Ao remexer velhos papéis em minha recente mudança para Genebra, redescobri um recorte amarelecido do artigo "Gigante impotente", publicado nesta Folha anos atrás.
Nele, Wanderley Guilherme dos Santos comparava o Estado brasileiro não propriamente a um gigante a sufocar a sociedade civil, mas a um mostrengo disforme, com partes do corpo descomunais e outras atrofiadas. Uma espécie de Quasímodo, o trágico "Corcunda de Notre Dame", de Victor Hugo, que nos assustou quando crianças na versão de Charles Laughton e agora volta pasteurizado num simpático dançarino no último desenho de Walt Disney.
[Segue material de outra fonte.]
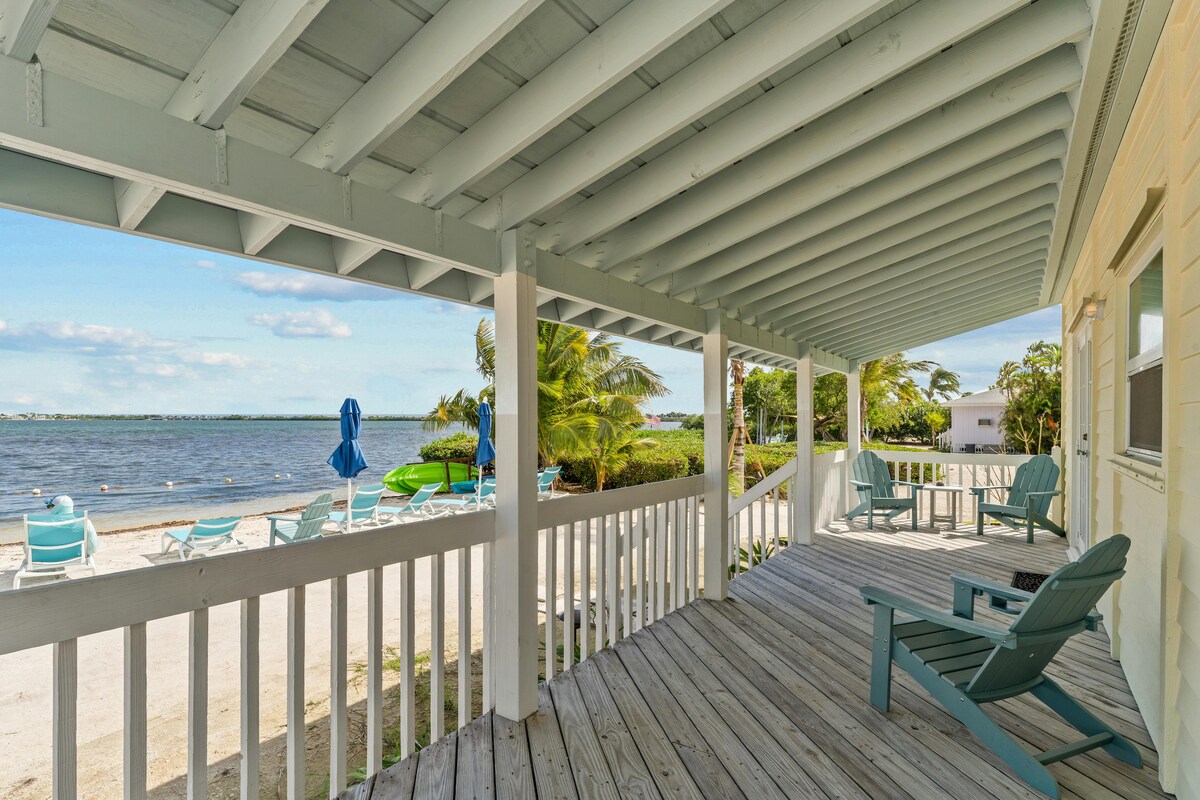 A covered porch overlooks a peaceful waterway, featuring multiple blue outdoor chairs and umbrellas. The wooden deck is illuminated by natural light, with gentle waves visible in the distance among palm trees, creating a serene outdoor space ideal for relaxation.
As deformidades eram obviamente as estatais, o setor de produção onde o governo não precisava ter se metido, enquanto a atrofia ficava por conta das coisas que o Estado devia fazer e não faz ou faz mal, como saúde, educação básica, segurança dos cidadãos, Justiça, etc.
Tudo isso vem a propósito do movimento pendular que, depois de valorizar quase obsessivamente, nos últimos anos, o mercado e as empresas como fatores de desenvolvimento, começa agora a voltar a atenção para a necessidade de um Estado eficiente e capaz.
Na abertura da 9ª Conferência das Nações Unidas sobre o Comércio e o Desenvolvimento (Unctad), na África do Sul, o diretor-gerente do FMI, Michel Camdessus, chegou a dizer que, em certos países em desenvolvimento, a figura principal do governo deveria ser o ministro da Justiça e não o da Economia.
Por seu lado, o Banco Mundial se prepara a dedicar seu relatório do ano próximo à urgência de dotar países em desenvolvimento de um setor público capaz de criar condições que possibilitem o crescimento sustentável e equilibrado.
Essa volta a uma prioridade tradicional corresponde não só ao bom senso, mas às conclusões de pesquisas histórico-econômicas que valeram aos autores um Prêmio Nobel de Economia há poucos anos.
Demonstrou-se então que, muitas vezes, a qualidade das instituições públicas, a adequação da lei a uma economia moderna, a segurança e a rapidez das decisões judiciais, a correção e continuidade da política macroeconômica eram elementos muito mais determinantes do desenvolvimento do que a abundância dos fatores de produção e dos recursos naturais.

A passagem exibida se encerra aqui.